Personal information
- Full name: Candas Bah Yovo Fiogbé
- Date of birth: 18 January 2005 (age 21)
- Place of birth: Dékanmey, Benin
- Height: 1.82 m (6 ft 0 in)
- Position: Forward

Team information
- Current team: Athens Kallithea
- Number: 7

Youth career
- 2012–: Atalanta

Senior career*
- Years: Team / Apps / (Gls)
- 2024–2026: Atalanta U23 / 4 / (0)
- 2026: → PAS Giannina (loan) / 7 / (3)
- 2026–: Athens Kallithea / 1 / (0)

International career^{‡}
- 2025–: Benin / 3 / (0)

= Candas Fiogbé =

Benin footballer

Candas Bah Yovo Fiogbé (born 18 January 2005) is a Beninese footballer who plays for Greek Super League 2 club Athens Kallithea and the Benin national team.

==Club career==
In 2011, Fiogbé was spotted by the Codjia Nedville Football Scuola (CNFS) in Ouidah. The following year, the academy organized trials in Italy with Inter Milan, Juventus, Hellas Verona and Atalanta. Following the trial, the twelve-year-old Fiogbé joined the academy of Atalanta. He remained with the club until 2023 when he signed his first professional contract at the age of eighteen after becoming a regular starter for the club's reserve side. Fiogbé scored six goals and tallied two assists in the first five matches of the 2024–25 UEFA Youth League including one against Arsenal and a brace against Shakhtar Donetsk.

In late 2024, Fiogbé attracted interest from Lille OSC and Toulouse FC of France's Ligue 1 and SV Darmstadt 98 of Germany's 2. Bundesliga.

==International career==
Fiogbé was eligible to represent Benin, the Ivory Coast, and Italy at the international level. In early 2025 it was reported that Benin, his country of birth, was in the lead for the player's allegiance. In March 2025 he accepted the call-up from Benin's head coach Gernot Rohr for 2026 FIFA World Cup qualification matches against Zimbabwe and South Africa. About representing the country, Fiogbé said, "I've always been focused on Benin, I was just waiting for the right moment to come. Now I'm ready."

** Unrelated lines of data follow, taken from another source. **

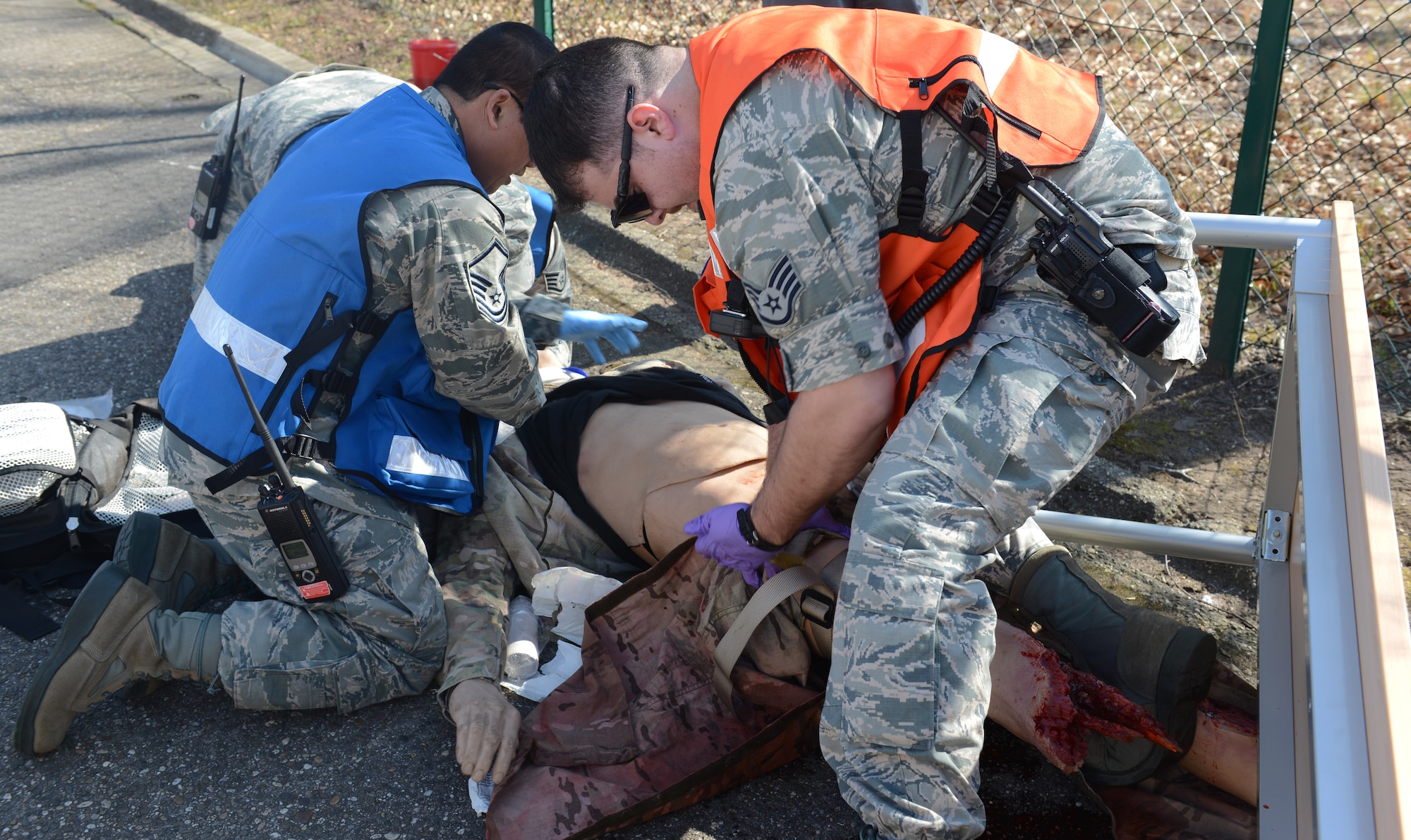 RAMSTEIN AIR BASE, Germany -- Three Airmen from the 86th Medical Group perform first aid on a human simulator during a mass casualty exercise here March 13. The simulators provide realistic training so Airmen can practice a variety of medical responses. The simulators were also featured during the 29th Annual Aerospace Medicine Summit and NATO Science and Technology Organization Technical Course here March 10.  (U.S. Air Force Photo by Tech. Sgt. James M. Hodgman)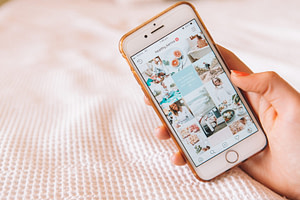 woman holding cell phone with instagram open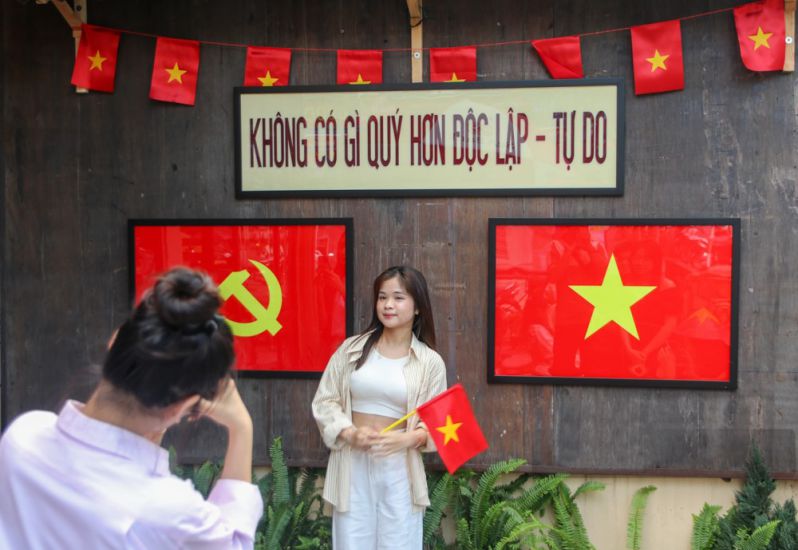 Jovenes con bandera nacional toman fotografias en Hue para celebrar el 50 aniversario de la liberacion del sur y la unificacion del pais. Imagen de la pagina web de la organizacion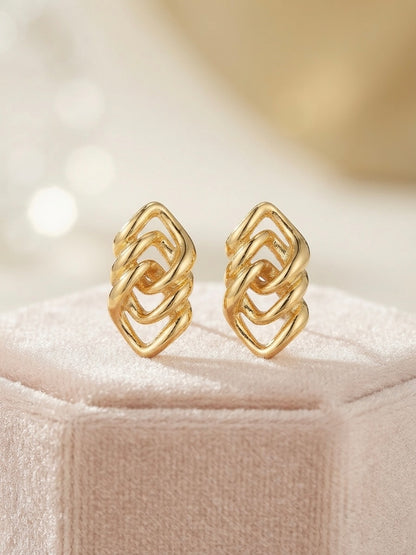 Geometric interlocking gold lozenge earrings.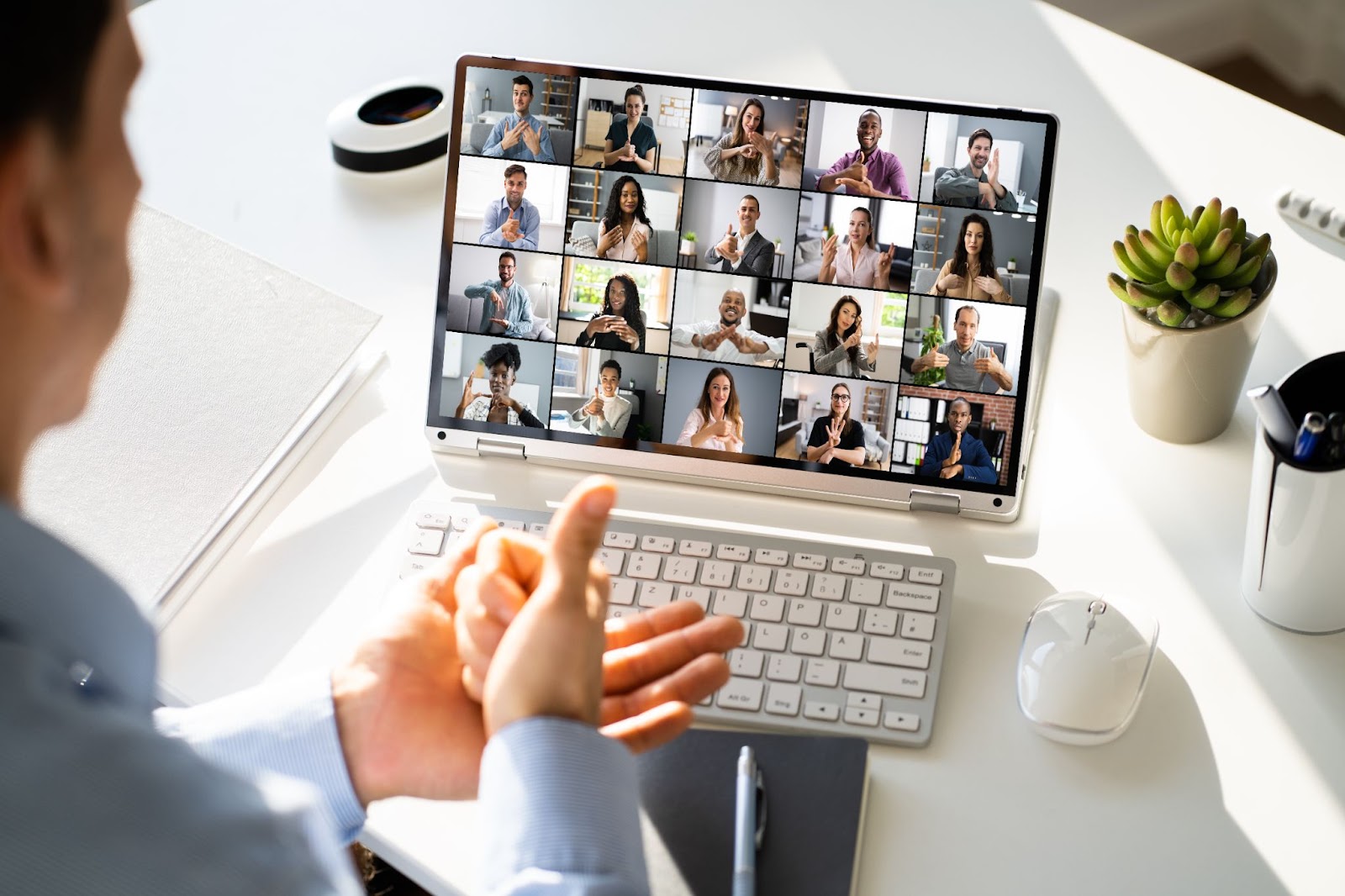 Person attending a virtual meeting on a laptop, with a screen displaying multiple participants in individual video tiles engaging in a lively team debate.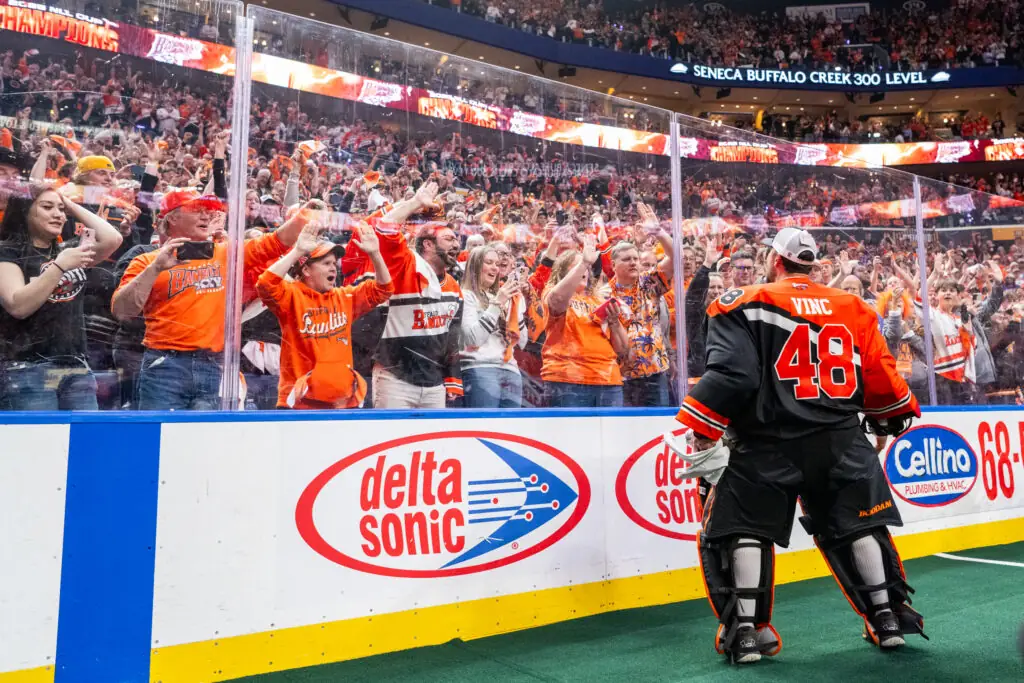 Vinc #48 facing cheering fans behind glass, "Bandits" logos visible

Fiogbé made his senior international debut as a late substitute on 25 March in Benin's match against South Africa. The player had previously not appeared in a senior club match prior to his international debut.

===International career statistics===

| National team | Year | Apps | Goals |
Benin
| 2025 | 1 | 0 |
| Total |  | 1 | 0 |

==Personal life==
Fiogbé was born in Dékanmey. His Fiogbé family is from Abomey while the Dossou-Yovo are from Ouidah.